### WORK REQUIRED
Set down the entries below exactly, leaving out all images.

[[ DATA UNDER STUDY, beginning ]]

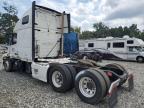 2017 VOLVO VNL SEMI TRUCK à vendre chez Copart SC - SPARTANBURG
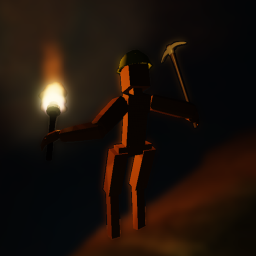Game Thumbnail
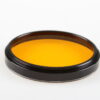 Hoya Filter Orange (G) 46mm
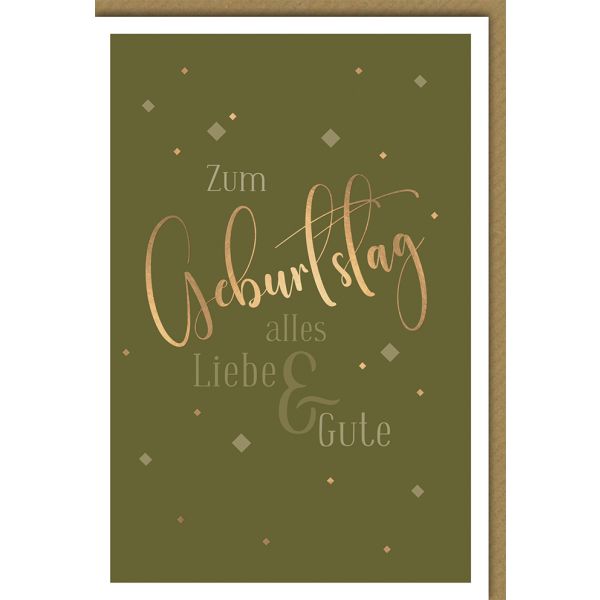 geburtstag-gl-ckwunschkarte-zum-geburtstag-schrift-2-95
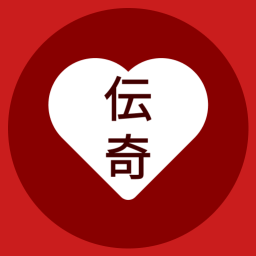 Romance Anime Hub banner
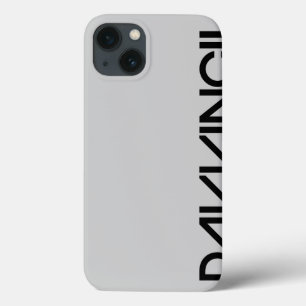 Etui iPhone Case-Mate Davvincii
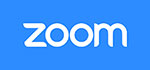 Zoom - Virtual Learning Classes by Mary Ellen Ledbetter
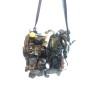 MOTORE COMPL. 040 RENAULT KANGOO (01/08-05/13) K9KB8 7701478426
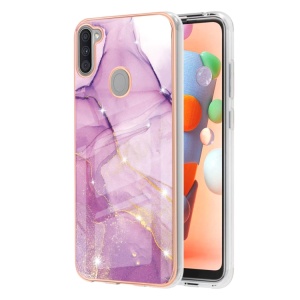 Samsung Galaxy A23 5G maska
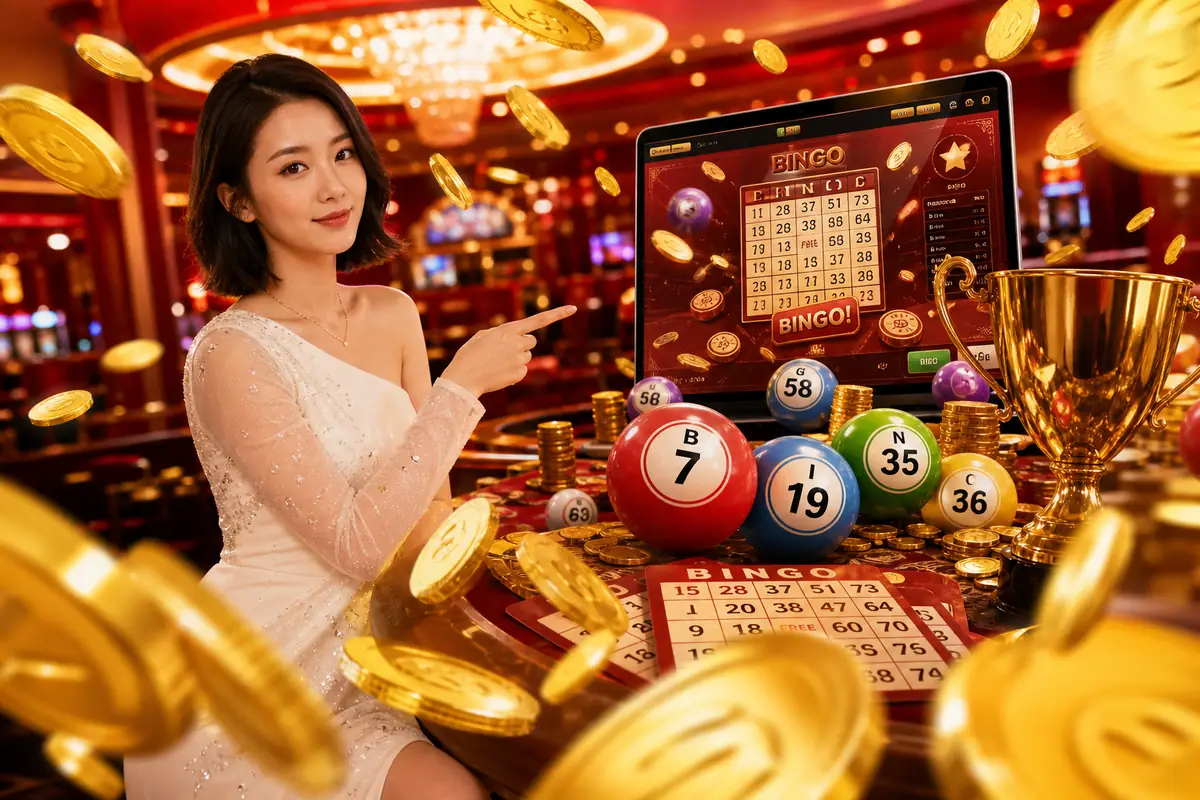 0nbet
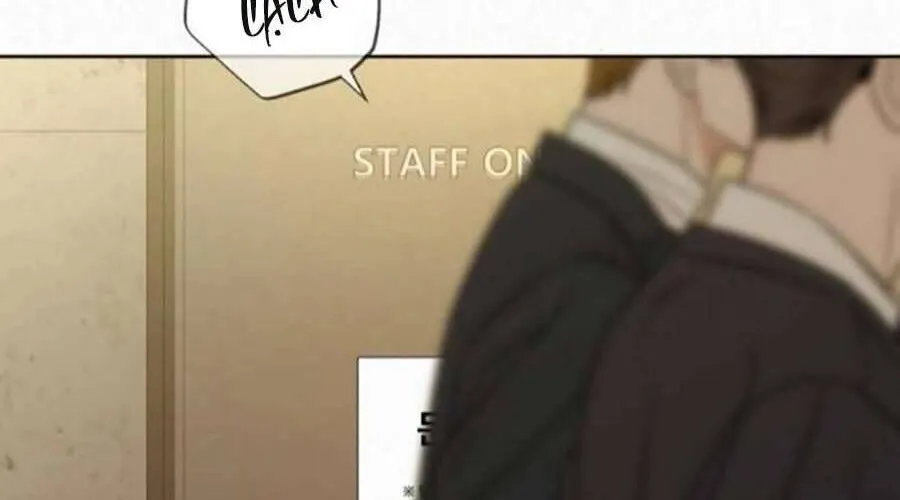 Chiến lược: Tình Yêu Trong Sáng Chap 118 - Next Chap 119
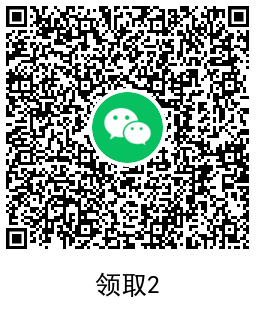 QRCode 20211106195931.png
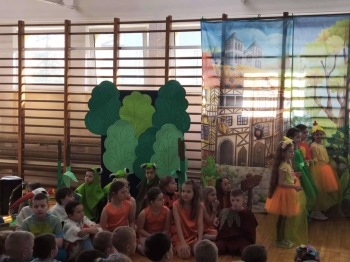 eaa76334-b8e9-4226-b21c-a3611442e470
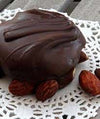 Honeymoons - Pecan Dark/Milk/White.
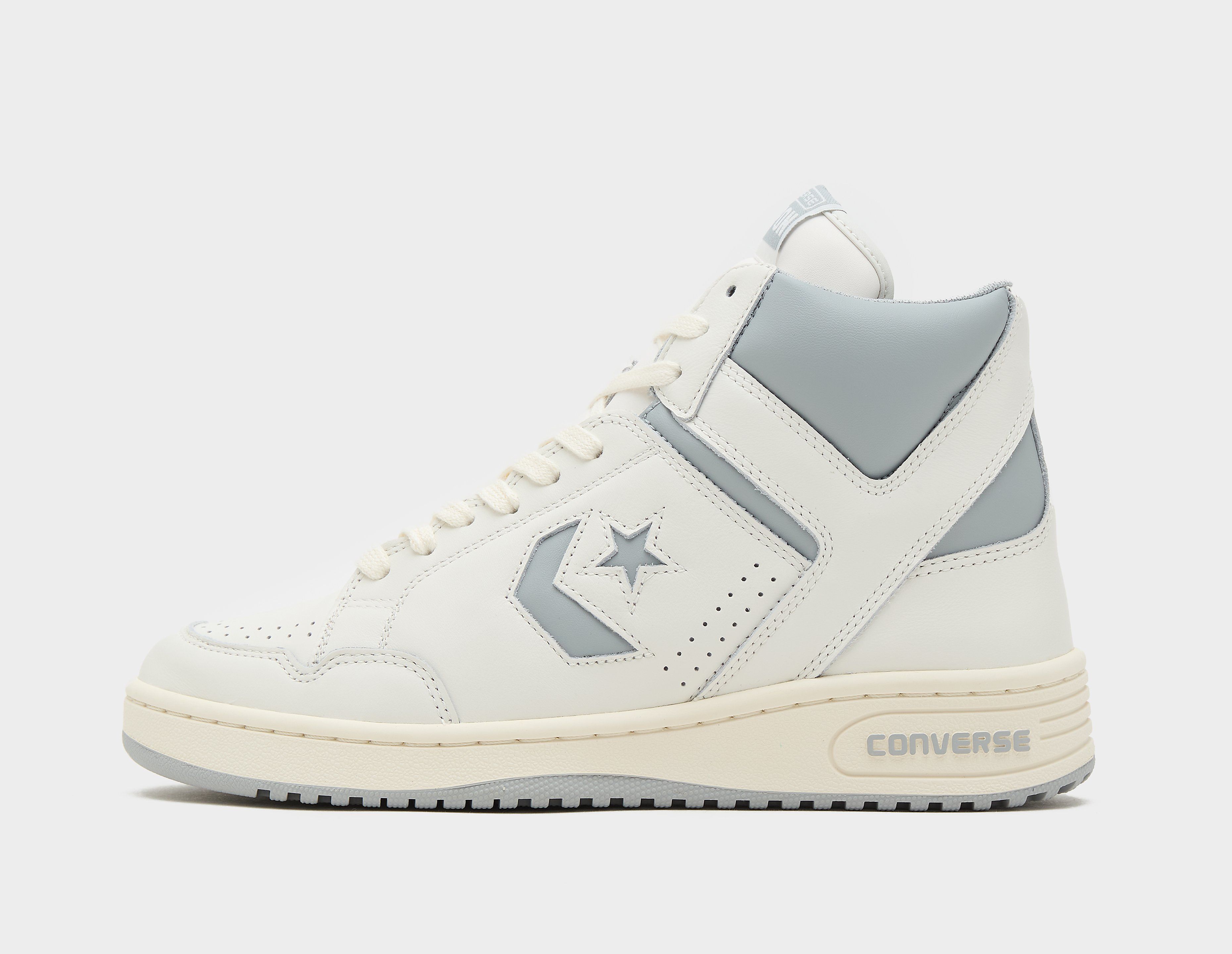 Converse Weapon Hi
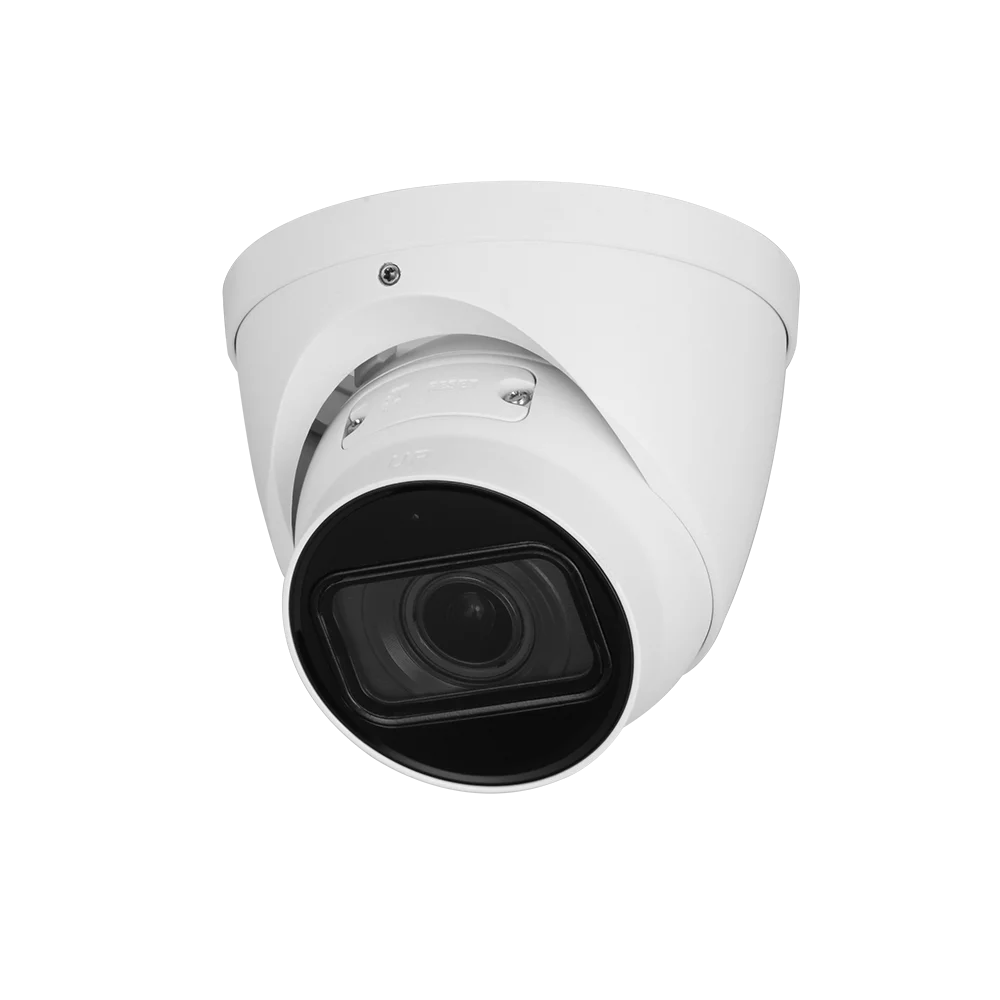 AIPR-VE582-ACU-E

[[ DATA UNDER STUDY, end ]]

### WORKED SOLUTION
 2017 VOLVO VNL SEMI TRUCK à vendre chez Copart SC - SPARTANBURG
Game Thumbnail
 Hoya Filter Orange (G) 46mm
 geburtstag-gl-ckwunschkarte-zum-geburtstag-schrift-2-95
 Romance Anime Hub banner
 Etui iPhone Case-Mate Davvincii
 Zoom - Virtual Learning Classes by Mary Ellen Ledbetter
 MOTORE COMPL. 040 RENAULT KANGOO (01/08-05/13) K9KB8 7701478426
 Samsung Galaxy A23 5G maska
 0nbet
 Chiến lược: Tình Yêu Trong Sáng Chap 118 - Next Chap 119
 QRCode 20211106195931.png
 eaa76334-b8e9-4226-b21c-a3611442e470
 Honeymoons - Pecan Dark/Milk/White.
 Converse Weapon Hi
 AIPR-VE582-ACU-E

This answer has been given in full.